Goal: enable LZO-compressed files to be used for Hive tables.
Environment: Hadoop cluster managed with Cloudera Manager version 5.
Prerequisites:
- install and activate the parcel that contains the LZO library as shown here
- configure it as shown here
cannot find class com.hadoop.mapred.DeprecatedLzoTextInputFormat
To fix this:
- Go to your Cloudera Manager UI home page
- Click Hive
- Click Configuration > View and Edit
- Under Service-Wide > Advanced, look for Hive Auxiliary JARs Directory
- Set the value to /opt/cloudera/parcels/HADOOP_LZO/lib/hadoop/lib
- Restart the Hive service (and any related services)

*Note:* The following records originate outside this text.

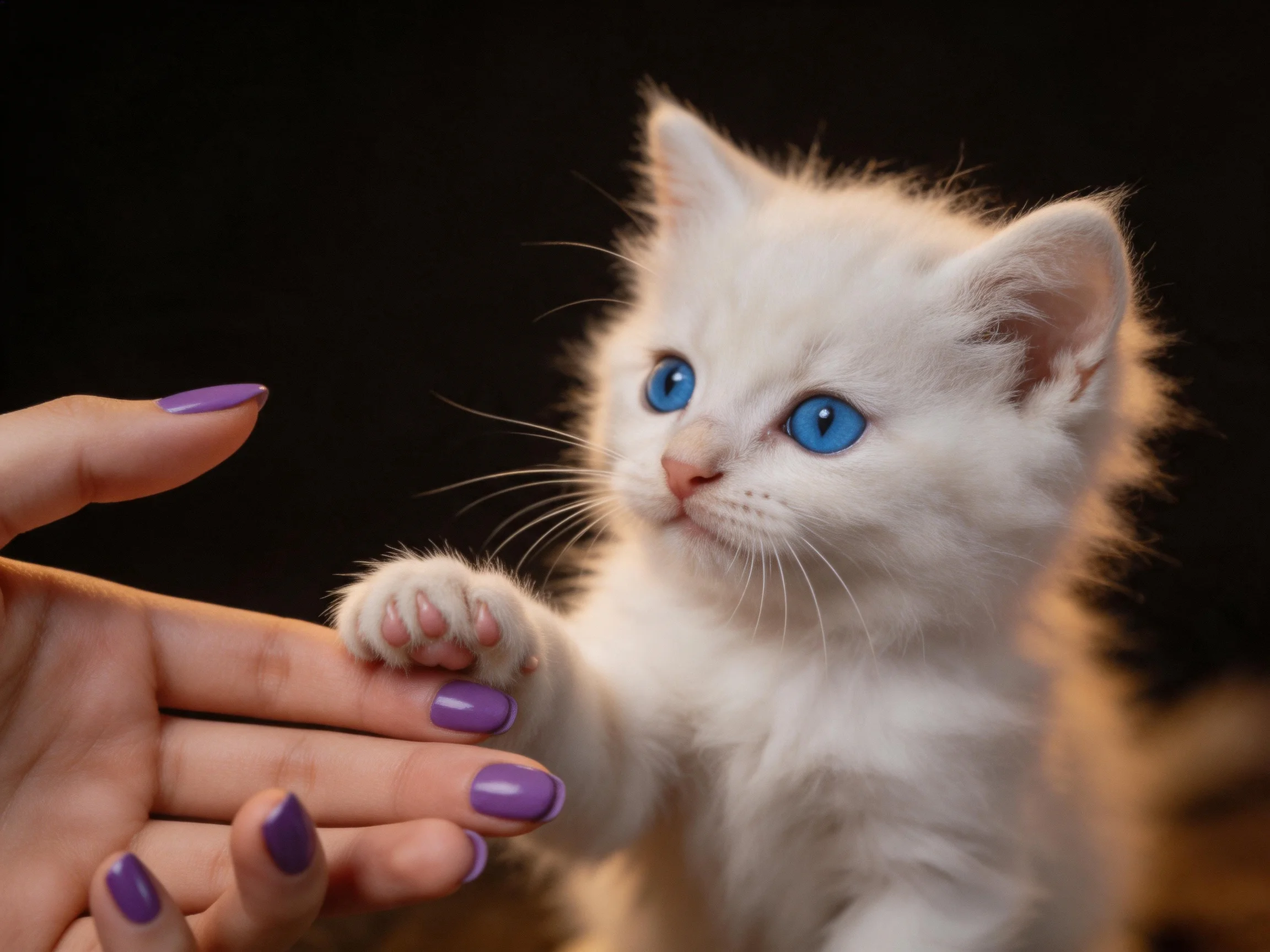 A fluffy white kitten with blue eyes reaches toward a hand with purple nail polish.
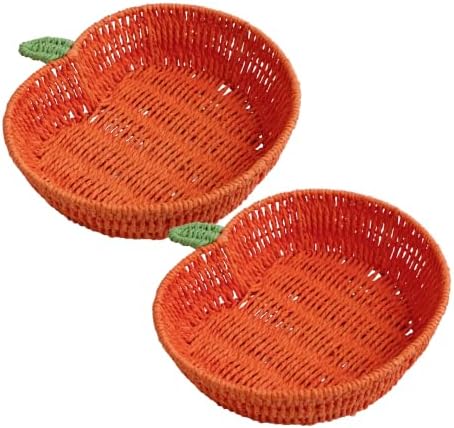 RGI Home Pumpkin Trays - Set of 2 Woven Paper Cord Pumpkin-Shaped Decorative Trays for Fall Harvest, Halloween and Thanksgiving Décor, 12" x 11.75", Orange by RGIHome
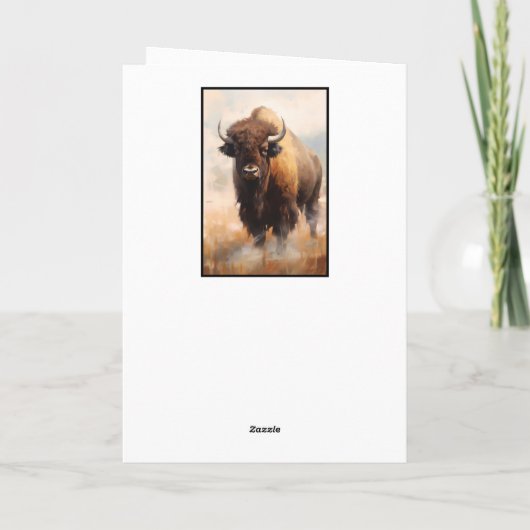 Bison Buffalo Portret Gelukkige Verjaardagsnaam Kaart (Achterkant)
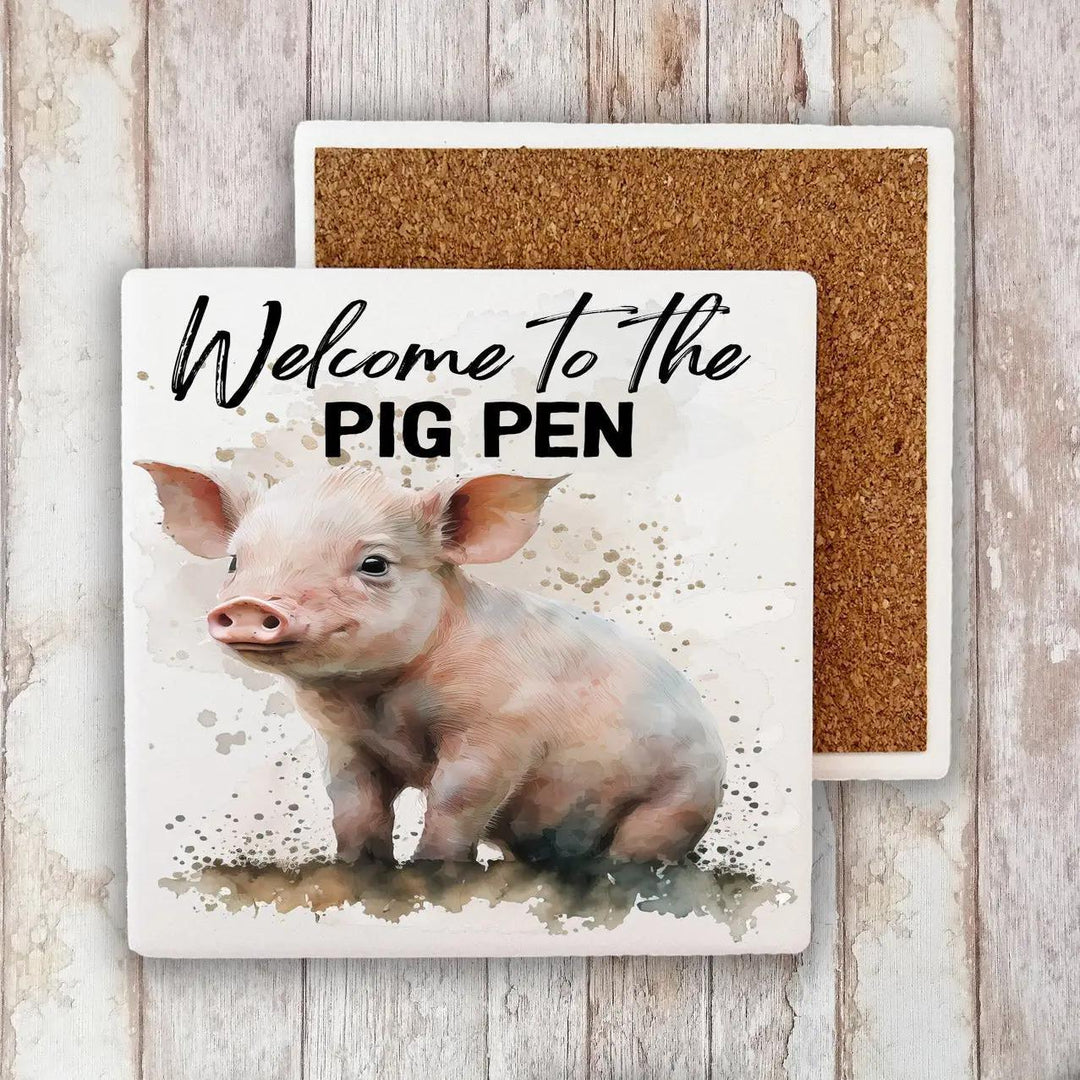 Decorative Stone Coaster Pig Pen Decorative Stone Coaster
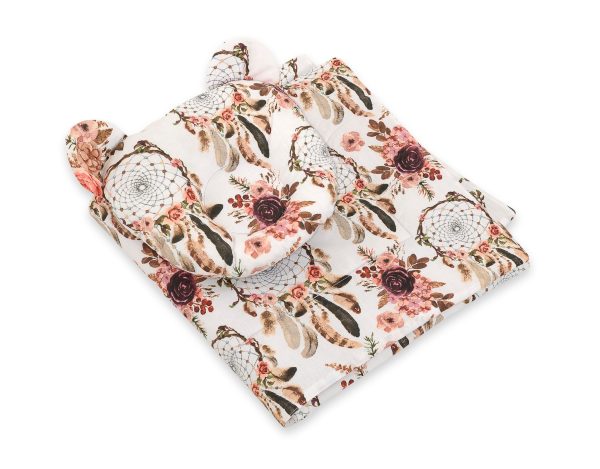 Duvet with pillow Teddy - 2pcs set - flower dream catchers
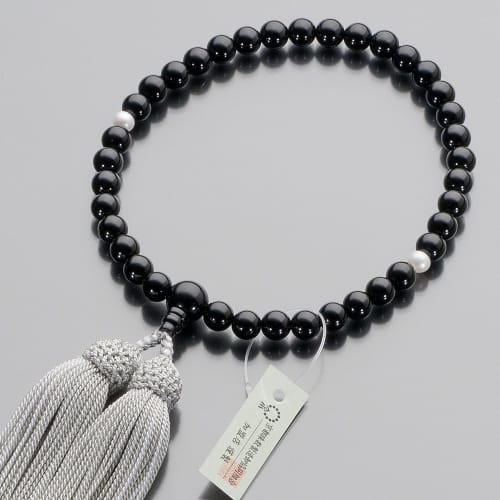 Buddhist Altar Shop Takita Shoten Buddhist Prayer Beads for Women, Black Onyx and Two-Ten Freshwater Pearl, 7mm Beads, Silk Tassel with Head, Prayer B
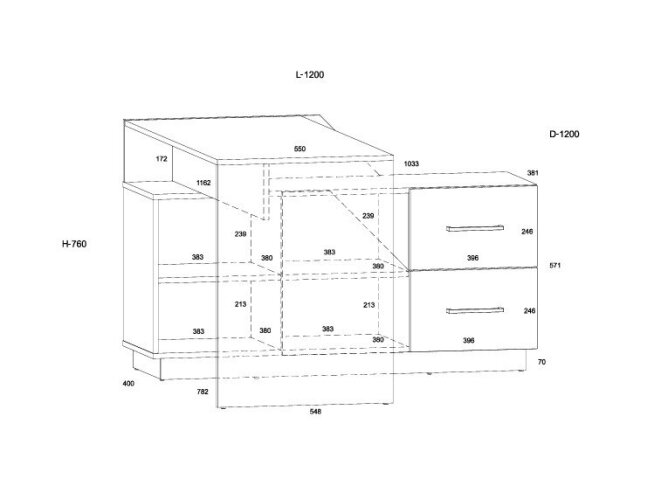 Kampinis darbo stalas PAX-03 6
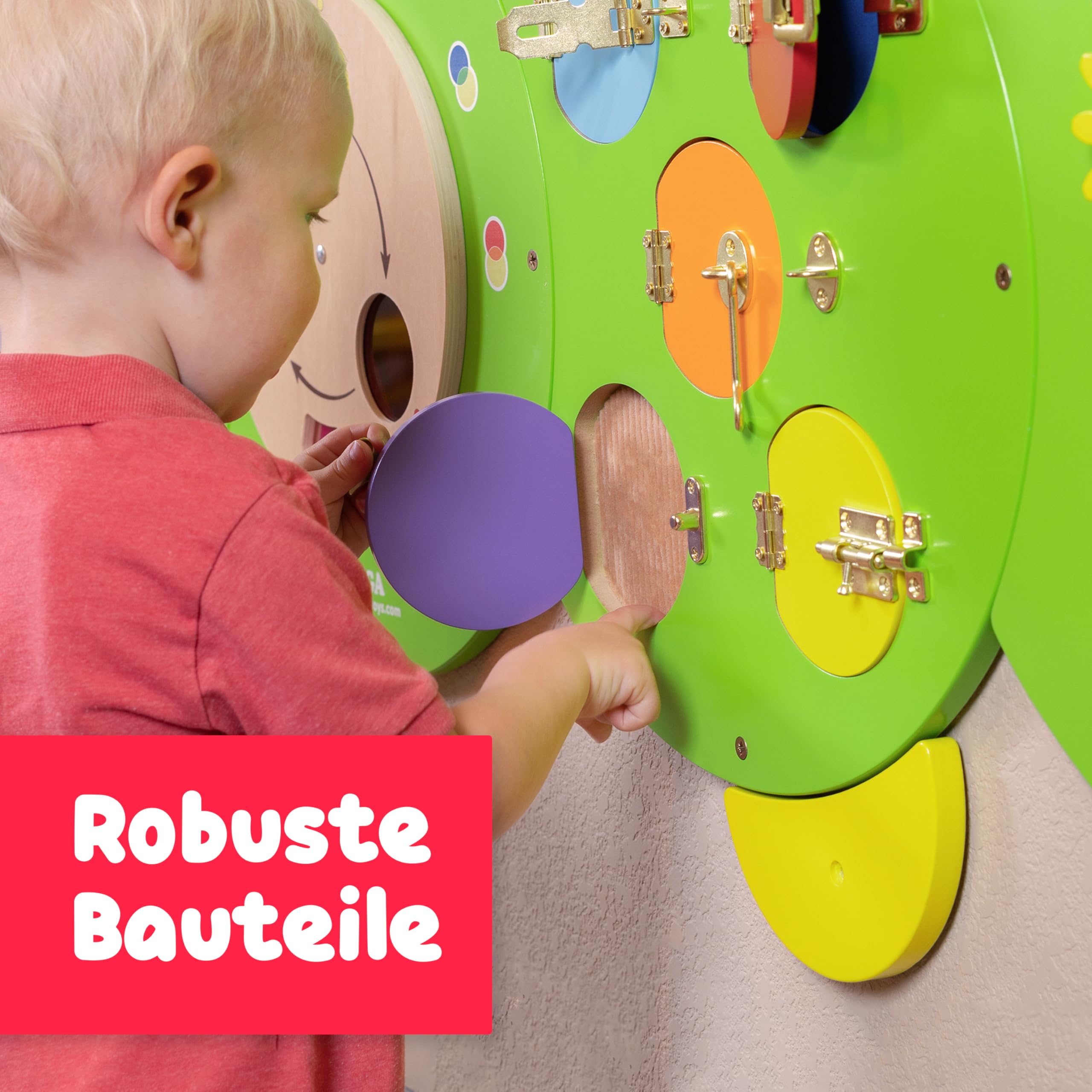 SPARK & WOW Caterpillar Activity Wall Panels - Alter 18M+ - Montessori Sensorisches Wandspielzeug - 6 Aktivitäten - Aktivitätsbrett - Kleinkindzimmer Dekoration | Montessori Sensorisches Wandspielzeug, Busy Board, Kleinkindzimmer Dekoration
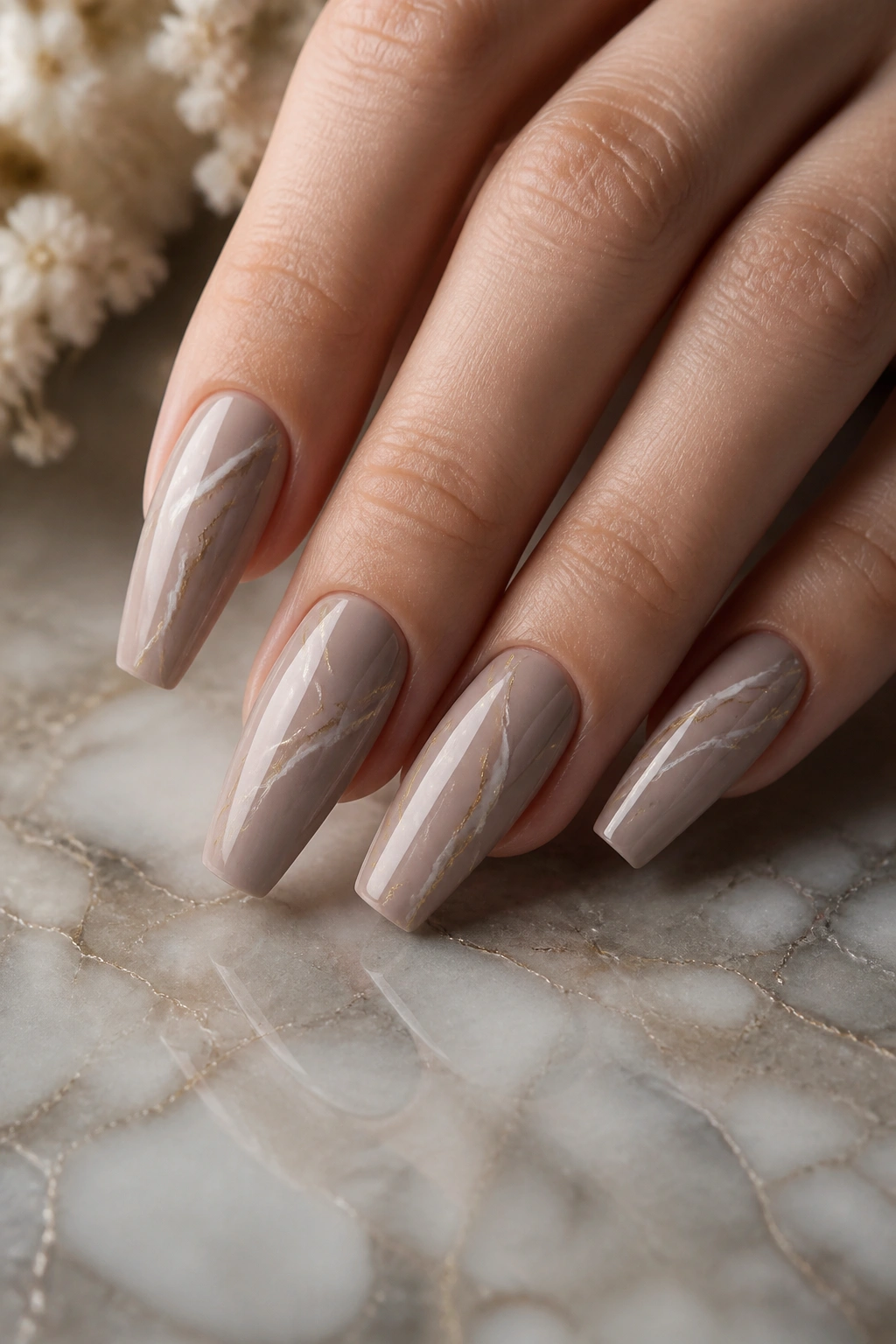 Soft taupe coffin nails with fine marble veining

As a reminder, to create a table backed by LZO-compressed files in HDFS, do something like this:
CREATE EXTERNAL TABLE `my_lzo_table`(`something` string)
ROW FORMAT DELIMITED
FIELDS TERMINATED BY '\t'
STORED AS INPUTFORMAT
'com.hadoop.mapred.DeprecatedLzoTextInputFormat'
OUTPUTFORMAT
'org.apache.hadoop.hive.ql.io.HiveIgnoreKeyTextOutputFormat'
LOCATION
'/hdfs/path/to/your/lzo/files';